Al-Azhar Mosque is a mosque in Islamic Cairo in Egypt. Al-Mu‘izz li-Dīn Allāh of the Fatimid Caliphate commissioned its construction for the newly-established capital city in 970. Its name is usually thought to allude to the Islamic prophet Muhammad's daughter Fatimah, a revered figure in Islam who was given the title az-Zahrā′ ("the shining one"). It was the first mosque established in Cairo, a city that has since gained the nickname "the city of a thousand minarets."[nb 1]

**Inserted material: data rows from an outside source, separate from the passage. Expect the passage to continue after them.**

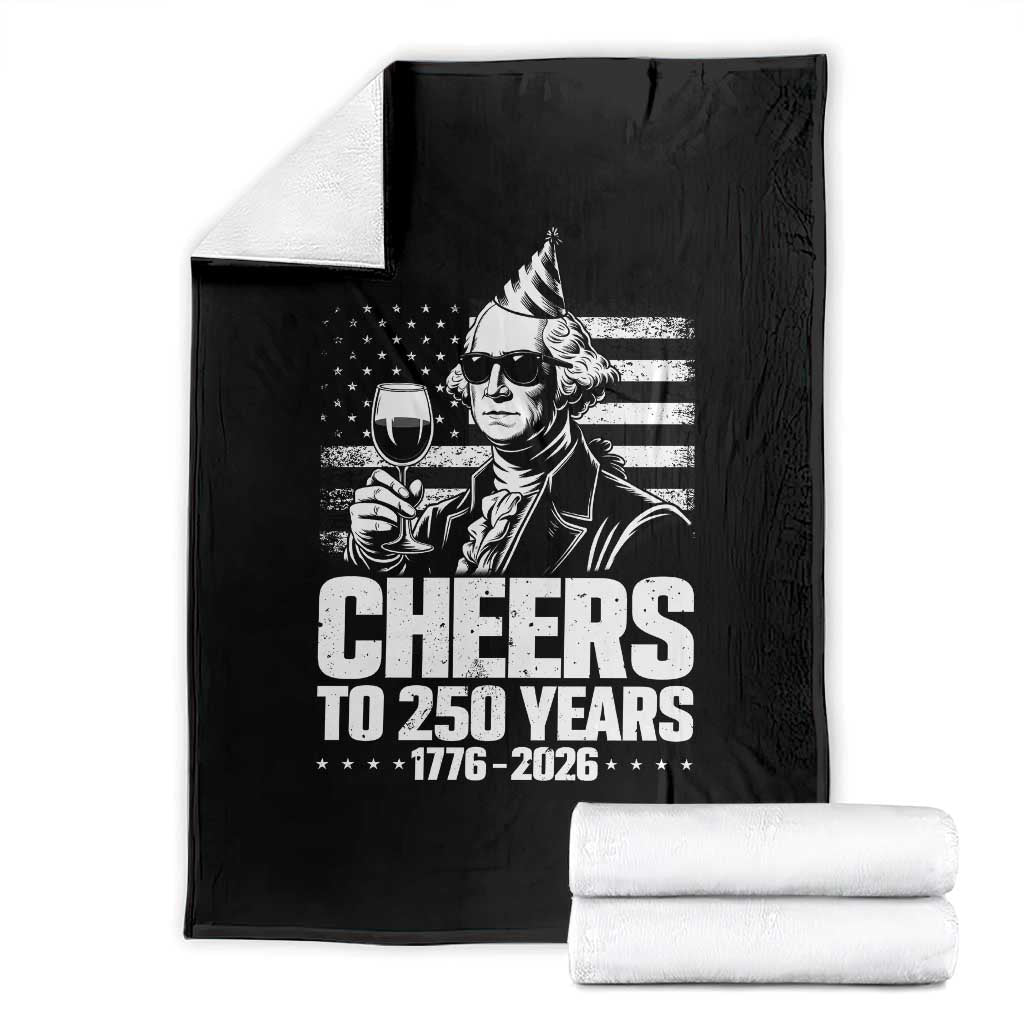 Funny George Washington Cheers To 250 Years Throw Blanket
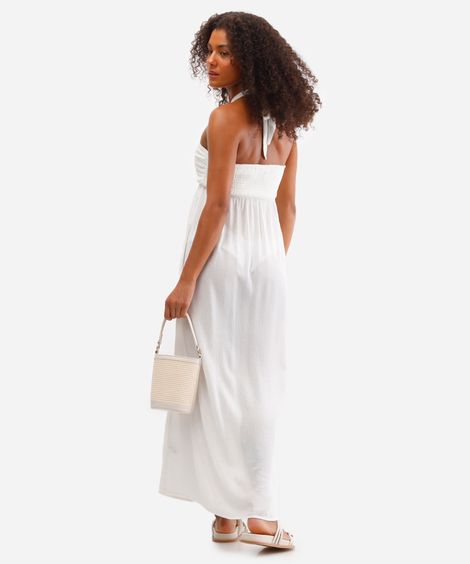 túnica saída de praia feminina com lurex off white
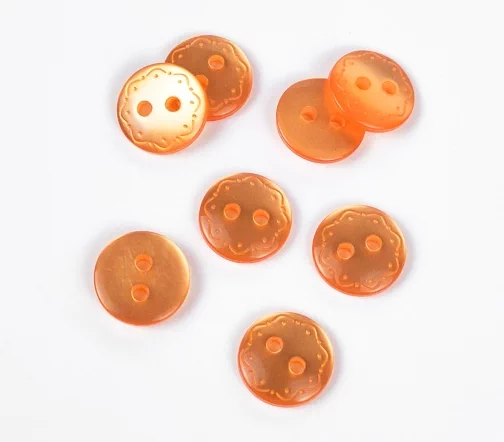 Пуговицы, Union Knopf, "Перелив с узором по краю", круглые, 2 отв., пластик, цвет оранжевый, 12 мм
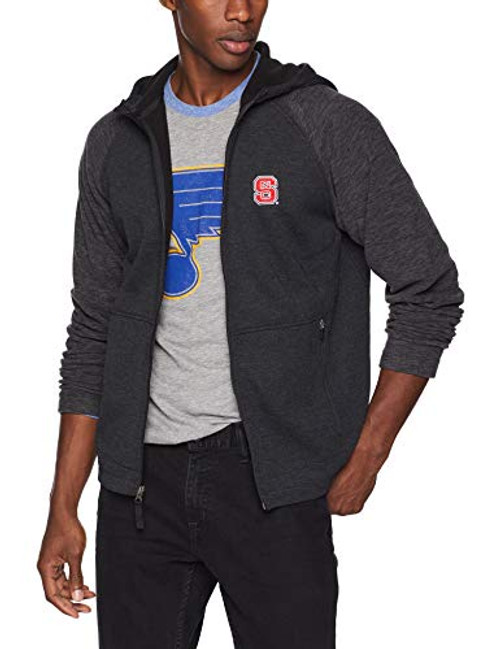 Ouray Sportswear NCAA North Carolina State Wolfpack Mens Hybrid Ii Jacket_ Black HeatherCharcoal Heather_ Small Ouray Sportswear NCAA North Carolina State Wolfpack Mens Hybrid Ii Jacket_ Black HeatherCharcoal Heather_ Small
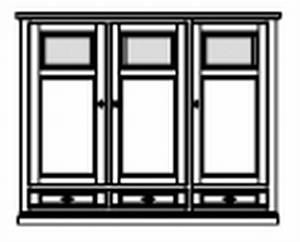 Highboard 3-teilig , 3 Türen mit Holz-Glasfüllung 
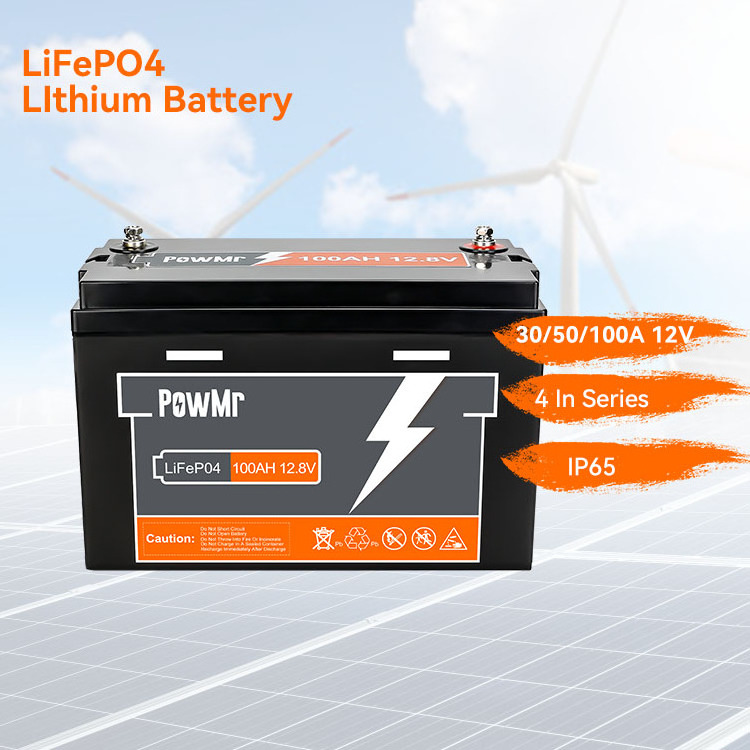 PowMr In stock Solar Battery Lithium lon 12.8V 100AH Battery IP65 LiFePO4 Battery for Energy Storage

After its dedication in 972, and with the hiring by mosque authorities of 35 scholars in 989, the mosque slowly developed into what is today the second oldest continuously run university in the world after Al Karaouine. Al-Azhar University has long been regarded as the foremost institution in the Islamic world for the study of Sunni theology and sharia, or Islamic law. The university, integrated within the mosque as part of a mosque school since its inception, was nationalized and officially designated an independent university in 1961, following the Egyptian Revolution of 1952.
Over the course of its over a millennium-long history, the mosque has been alternately neglected and highly regarded. Because it was founded as an Ismāʿīli institution, Saladin and the Sunni Ayyubid dynasty that he founded shunned al-Azhar, removing its status as a congregational mosque and denying stipends to students and teachers at its school. These moves were reversed under the Mamluk Sultanate, under whose rule numerous expansions and renovations took place. Later rulers of Egypt showed differing degrees of deference to the mosque and provided widely varying levels of financial assistance, both to the school and to the upkeep of the mosque. Today, al-Azhar remains a deeply influential institution in Egyptian society and a symbol of Islamic Egypt.